There is ambiguity in a written contract if there is "doubtfulness [or] doubleness of meaning or expression used in a written instrument." Berry v. Klinger, 300 S.E.2d 792, 796 (Va. 1983). When a writing is clear an unambiguous, parol evidence is inadmissible to vary the terms of the writing. Cohan v. Thurston, 292 S.E.2d 45, 46 (Va. 1982). In the event of an ambiguity in a written contract, such ambiguity must be strictly construed against the drafter of the agreement." Martin Martin, Inc. v. Bradley Enterprises, 504 S.E.2d 849, 851 (Va. 1998).
The Loan Agreement in this case is unambiguous. The Agreement expressly states that the UCC will govern performance issues, which indicates that the Agreement provides only a security interest in personal property. The Agreement mentions nothing about a "mortgage," "real property," "realty," etc. It provides an interest in " the property held by the undersigned at 819 6th Street, N.W., Washington, D.C.," not in 819 6th Street itself. Therefore, no mortgage or deed of trusts exists, and parol evidence is inadmissible to show otherwise.

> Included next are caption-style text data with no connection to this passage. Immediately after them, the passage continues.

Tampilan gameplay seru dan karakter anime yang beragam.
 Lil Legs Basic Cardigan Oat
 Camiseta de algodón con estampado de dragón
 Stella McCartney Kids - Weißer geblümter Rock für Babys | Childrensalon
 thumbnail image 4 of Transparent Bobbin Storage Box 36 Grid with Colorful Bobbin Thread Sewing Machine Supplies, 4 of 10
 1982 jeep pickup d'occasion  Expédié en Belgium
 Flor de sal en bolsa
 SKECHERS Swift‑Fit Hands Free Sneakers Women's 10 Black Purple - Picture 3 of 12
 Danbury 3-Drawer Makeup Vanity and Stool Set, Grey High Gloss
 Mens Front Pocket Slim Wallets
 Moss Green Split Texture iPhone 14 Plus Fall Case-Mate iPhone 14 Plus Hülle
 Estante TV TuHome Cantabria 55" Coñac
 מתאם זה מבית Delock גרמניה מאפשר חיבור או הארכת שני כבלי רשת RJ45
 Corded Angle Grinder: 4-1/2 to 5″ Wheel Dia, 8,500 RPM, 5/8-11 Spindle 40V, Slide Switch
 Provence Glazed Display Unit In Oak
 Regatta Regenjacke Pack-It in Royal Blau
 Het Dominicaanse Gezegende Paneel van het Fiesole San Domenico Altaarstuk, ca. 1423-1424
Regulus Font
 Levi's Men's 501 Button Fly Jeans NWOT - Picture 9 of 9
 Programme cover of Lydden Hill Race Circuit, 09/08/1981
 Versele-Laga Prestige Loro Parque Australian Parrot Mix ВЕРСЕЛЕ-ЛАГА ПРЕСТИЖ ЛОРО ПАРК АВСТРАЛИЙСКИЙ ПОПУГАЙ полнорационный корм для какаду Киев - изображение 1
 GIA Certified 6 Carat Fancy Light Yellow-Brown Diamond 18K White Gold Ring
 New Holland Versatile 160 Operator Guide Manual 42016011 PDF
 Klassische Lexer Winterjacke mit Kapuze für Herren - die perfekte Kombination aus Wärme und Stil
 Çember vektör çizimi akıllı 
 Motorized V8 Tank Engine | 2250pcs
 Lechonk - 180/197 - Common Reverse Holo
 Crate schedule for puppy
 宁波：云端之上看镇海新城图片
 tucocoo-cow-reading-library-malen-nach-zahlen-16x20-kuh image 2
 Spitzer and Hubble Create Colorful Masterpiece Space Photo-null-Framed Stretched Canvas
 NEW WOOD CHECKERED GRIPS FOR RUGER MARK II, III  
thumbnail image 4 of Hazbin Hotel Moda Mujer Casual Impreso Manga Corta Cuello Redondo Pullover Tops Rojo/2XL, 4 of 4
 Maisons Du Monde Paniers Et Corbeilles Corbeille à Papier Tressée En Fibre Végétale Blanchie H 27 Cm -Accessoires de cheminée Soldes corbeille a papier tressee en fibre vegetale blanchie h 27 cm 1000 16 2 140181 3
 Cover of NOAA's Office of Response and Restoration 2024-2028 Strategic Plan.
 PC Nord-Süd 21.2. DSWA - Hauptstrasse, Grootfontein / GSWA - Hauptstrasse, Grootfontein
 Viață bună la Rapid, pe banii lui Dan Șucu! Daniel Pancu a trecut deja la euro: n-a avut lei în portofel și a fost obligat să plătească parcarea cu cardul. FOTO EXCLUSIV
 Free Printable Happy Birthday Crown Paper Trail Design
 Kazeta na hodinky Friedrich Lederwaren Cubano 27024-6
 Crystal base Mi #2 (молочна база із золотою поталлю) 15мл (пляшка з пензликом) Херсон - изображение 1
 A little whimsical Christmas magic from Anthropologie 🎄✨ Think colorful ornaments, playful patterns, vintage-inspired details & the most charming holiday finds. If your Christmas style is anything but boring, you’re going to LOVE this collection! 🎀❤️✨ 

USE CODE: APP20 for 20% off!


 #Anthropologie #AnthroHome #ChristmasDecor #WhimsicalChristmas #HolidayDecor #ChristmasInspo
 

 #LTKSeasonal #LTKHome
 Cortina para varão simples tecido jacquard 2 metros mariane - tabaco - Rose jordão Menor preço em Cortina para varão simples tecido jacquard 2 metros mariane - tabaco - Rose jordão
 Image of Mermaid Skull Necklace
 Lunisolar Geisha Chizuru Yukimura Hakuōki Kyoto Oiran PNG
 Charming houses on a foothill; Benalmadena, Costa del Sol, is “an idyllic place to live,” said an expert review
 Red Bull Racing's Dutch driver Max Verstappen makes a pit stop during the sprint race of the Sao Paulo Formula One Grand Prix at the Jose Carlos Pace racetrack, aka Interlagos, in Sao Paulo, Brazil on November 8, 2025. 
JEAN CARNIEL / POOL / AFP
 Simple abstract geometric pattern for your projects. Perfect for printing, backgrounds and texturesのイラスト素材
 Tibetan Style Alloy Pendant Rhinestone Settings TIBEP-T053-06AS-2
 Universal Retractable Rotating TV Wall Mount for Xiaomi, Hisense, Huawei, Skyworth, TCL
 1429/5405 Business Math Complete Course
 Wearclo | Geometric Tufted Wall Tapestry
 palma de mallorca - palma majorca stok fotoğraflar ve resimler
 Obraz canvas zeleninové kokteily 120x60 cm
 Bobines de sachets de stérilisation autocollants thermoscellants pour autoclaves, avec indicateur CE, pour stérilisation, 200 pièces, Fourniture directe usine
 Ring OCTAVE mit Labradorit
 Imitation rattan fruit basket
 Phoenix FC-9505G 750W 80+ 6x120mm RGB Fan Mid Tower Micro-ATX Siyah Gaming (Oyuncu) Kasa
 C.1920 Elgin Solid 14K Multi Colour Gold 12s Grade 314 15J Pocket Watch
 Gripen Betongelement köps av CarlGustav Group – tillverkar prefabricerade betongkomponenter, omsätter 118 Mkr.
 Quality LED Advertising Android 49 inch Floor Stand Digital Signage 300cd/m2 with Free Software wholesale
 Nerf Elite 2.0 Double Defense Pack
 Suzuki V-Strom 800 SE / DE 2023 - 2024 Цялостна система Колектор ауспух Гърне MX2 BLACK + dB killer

Finally, Respondent refers to a resolution issued by the Association on May 22, 1991, which states that the Loan Agreement is "secured by a security interest in the building." ( See Def.'s Mot. to Dismiss Ex. B.) Respondent claims that this resolution should be construed together with the Loan Agreement, as the two documents were written contemporaneously. The Virginia Supreme Court "has repeatedly stated that `where two papers are executed at the same time or contemporaneously between the same parties, in reference to the same subject matter, they must be regarded as parts of one transaction, and receive the same construction as if their several provisions were in one and the same instrument.'" Countryside Orthopaedics, P.C. v. Peyton, 541 S.E.2d 279, 284 (Va. 2001) (quoting Oliver Refining Co. v. Portsmouth Cotton Oil Refining Corp., 64 S.E. 56, 59 (Va. 1909).
In this case, the resolution was never executed by both parties. It is not a contemporaneous agreement, but rather a unilateral (albeit contemporaneous) pronouncement by only one of the parties to the Loan Agreement. The resolution is thus parol evidence, which is inadmissible because the Loan Agreement itself is unambiguous. Because the Loan Agreement unambiguously provides a security interest in personal property, it is subject to the ten year statute of limitations under Virginia law, and is now unenforceable against Plaintiff. Therefore, this Court will grant Plaintiff's motion for summary judgment.
IV. Conclusion
For the foregoing reasons, the Court will deny Respondent's motion for summary judgment, and grant Plaintiff's cross-motion for summary judgment.